Se publica que el presidente de la patronal catalana Foment del Treball, Joaquim Gay de Montellà, ha pedido al Rey Juan Carlos que presione al Partido Popular y al Partido Socialista Obrero Español para que discurran alguna forma de realizar el referéndum secesionista que patrocinan los partidos separatistas de Cataluña. Según se nos cuenta, el señor Gay de Montellà ha tomado esta iniciativa porque cree varias cosas, a saber: primera, que la celebración de la consulta (eufemismo del referéndum para que parezca menos ilegal) es inevitable, y que es mejor para todos que se haga con la aquiescencia del poder que en su contra; segunda, que todavía existen probabilidades de que la respuesta sea favorable a mantener a Cataluña en el conjunto de España, y que más tarde cualquiera sabe; tercera, que la Corona ha de intervenir activamente a favor del referéndum porque el PSOE está destrozado y el bipartidismo anda de capa caída, y el impulso regio le parece esencial.
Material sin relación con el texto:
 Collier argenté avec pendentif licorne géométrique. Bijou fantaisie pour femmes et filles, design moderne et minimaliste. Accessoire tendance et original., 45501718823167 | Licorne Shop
Parece que el referéndum es la única salida que los directivos del Foment del Treball son capaces de vislumbrar en las circunstancias actuales. Es comprensible, porque no se va a pedir a unos empresarios que tengan visión de Estado, o que se crean las exquisiteces del imperio de la ley, los principios generales del Derecho y la seguridad jurídica, o la sentencia de San Agustín según la cual un Gobierno sin justicia no es distinguible de una partida de ladrones. Ellos, los empresarios, tienen otra mentalidad. Son pragmáticos. Les cuesta comprender términos como lealtad o traición, que consideran lastres que impiden flotar. Creo que era en la pelícila La ciutat cremada donde un adinerado industrial de Barcelona sorprende a su hija en la cama con un jovenzuelo, y monta en cólera hasta que el chico le dice su apellido, que es el de una familia aún más rica que la suya; su semblante muda súbitamente, se sienta en una esquina del lecho, y sólo murmura: «Parlem-ne» (hablemos).
Pero la vida real enseña a estos empresarios catalanes que su actitud tiene precedentes ilustres, al margen de guiones cinematográficos más o menos cómicos. La compañía alemana Krupp AG era, desde el siglo XIX, una de las industrias pesadas y de armamento más antiguas del mundo. Bertha Krupp, heredera del imperio siderúrgico tras el suicidio de su padre, se casó con un diplomático llamado Gustav von Bohlen, que adoptó el apellido Krupp para hacerse cargo del negocio, ya que a finales del XIX era impensable que lo controlase una mujer. La Krupp proveyó de armas a Prusia, luego al Imperio alemán; tras la derrota en la I Guerra Mundial, Alemania tuvo prohibida la fabricación de armamento, pero Krupp fabricó clandestinamente armas que vendió a suecos y holandeses mediante empresas interpuestas. El nacionalsocialismo libró a la Krupp de los molestos sindicatos, y desde entonces las relaciones de la empresa con Hitler fueron excelentes hasta el fin de la II Guerra Mundial, que los alemanes libraron con armamento Krupp, naturalmente. Gustav Krupp no llegó a ser juzgado en Núremberg por su estado senil. Y el imperio industrial ha seguido prosperando tras la guerra con los democristianos de Adenauer y los socialistas de Brandt, y así hasta hoy.
Los empresarios, como los notarios, los relojeros o los periodistas, se parecen más a otros empresarios, notarios, relojeros o periodistas de cualquier lugar del mundo que a compatriotas que se dediquen a otras cosas. Parece que es ley de vida. Pero la Krupp no impidió ninguna guerra, sino que se lucró de todas ellas.
La petición del presidente del Foment del Treball al Rey puede ser comprensible. Pero me parece más que dudoso que sea justificable. La vehemente sospecha de que no hablan del Estado, sino de sus intereses, no es fácil de descartar.